Turns out most Israelis support the establishment of a Palestinian state – until they read the fine print.
There is a natural obsession with short-term, immediate details of the situation in Israel and Palestine: where is the siren or rocket or bomb? How many bodies are piling up in Gaza? Israelis’ memory at present seems to go back only a few weeks, to the murder of three teens that they believe set off this cycle.
But for Palestinians, there was life before the Israeli kids were murdered, and it wasn’t good. Many are seething under a reality of no prospects, no citizenship or statehood, rage at their leaders, rage at their occupiers. What both sides share was a realistic lack of hope for the recent negotiations for long-term resolution.

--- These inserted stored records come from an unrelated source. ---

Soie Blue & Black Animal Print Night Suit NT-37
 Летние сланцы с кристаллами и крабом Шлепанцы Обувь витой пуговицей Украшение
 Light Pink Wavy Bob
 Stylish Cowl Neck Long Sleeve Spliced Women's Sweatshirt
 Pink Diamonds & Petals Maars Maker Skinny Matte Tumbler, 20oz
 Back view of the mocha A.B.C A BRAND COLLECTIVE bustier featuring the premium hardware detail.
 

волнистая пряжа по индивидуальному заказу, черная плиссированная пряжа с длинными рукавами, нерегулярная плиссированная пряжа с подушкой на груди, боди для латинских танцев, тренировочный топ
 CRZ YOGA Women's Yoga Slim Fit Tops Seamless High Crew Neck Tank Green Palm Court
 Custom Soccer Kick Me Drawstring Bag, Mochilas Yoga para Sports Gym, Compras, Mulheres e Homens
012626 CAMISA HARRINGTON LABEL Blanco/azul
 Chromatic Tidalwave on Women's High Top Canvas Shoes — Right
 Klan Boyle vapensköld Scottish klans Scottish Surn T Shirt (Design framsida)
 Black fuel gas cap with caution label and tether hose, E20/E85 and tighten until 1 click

While leaders again proved them right, public support for the two-state solution may become the long-term victim of the accelerated cycles of aggression.
Several new surveys paint a dismal picture for this paradigm.
A survey of Palestinians from June by the right-leaning Washington Institute for Near East Policy found that more than twice as many respondents now support “reclaiming all of historic Palestine,” than those who choose “end the occupation and reach a two state solution.” In response to +972’s query, the Institute says this is a new finding compared to similar (but not identical) questions asked in the past, when support for a two state-solution typically ranged between 40-55 percent. Here is the data (n= 1200 Palestinians in West Bank and Gaza, margin of error, +/-3%):
“Please state your view about the main Palestinian goal for the next five years”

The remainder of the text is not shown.